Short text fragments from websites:
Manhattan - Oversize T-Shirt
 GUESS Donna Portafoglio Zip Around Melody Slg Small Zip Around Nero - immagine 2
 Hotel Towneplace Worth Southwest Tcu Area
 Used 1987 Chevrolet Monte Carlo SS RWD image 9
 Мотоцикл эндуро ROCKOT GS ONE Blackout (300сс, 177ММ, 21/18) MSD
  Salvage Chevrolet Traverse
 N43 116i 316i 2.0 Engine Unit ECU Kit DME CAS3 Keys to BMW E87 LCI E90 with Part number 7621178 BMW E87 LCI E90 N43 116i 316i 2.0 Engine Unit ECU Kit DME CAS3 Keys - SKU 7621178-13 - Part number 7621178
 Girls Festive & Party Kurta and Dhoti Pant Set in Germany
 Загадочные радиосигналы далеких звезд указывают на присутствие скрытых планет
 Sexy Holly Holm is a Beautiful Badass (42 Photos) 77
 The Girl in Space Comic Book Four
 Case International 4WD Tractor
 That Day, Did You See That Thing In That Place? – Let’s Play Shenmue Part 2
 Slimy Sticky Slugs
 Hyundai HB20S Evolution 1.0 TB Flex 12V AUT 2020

# About this task:
Your answer should be the lines above, from the line containing "Hotel Towneplace Worth Southwest Tcu Area" up to and including the line containing "Girls Festive &", reproduced exactly and with nothing else.

# Answer space:
 Hotel Towneplace Worth Southwest Tcu Area
 Used 1987 Chevrolet Monte Carlo SS RWD image 9
 Мотоцикл эндуро ROCKOT GS ONE Blackout (300сс, 177ММ, 21/18) MSD
  Salvage Chevrolet Traverse
 N43 116i 316i 2.0 Engine Unit ECU Kit DME CAS3 Keys to BMW E87 LCI E90 with Part number 7621178 BMW E87 LCI E90 N43 116i 316i 2.0 Engine Unit ECU Kit DME CAS3 Keys - SKU 7621178-13 - Part number 7621178
 Girls Festive & Party Kurta and Dhoti Pant Set in Germany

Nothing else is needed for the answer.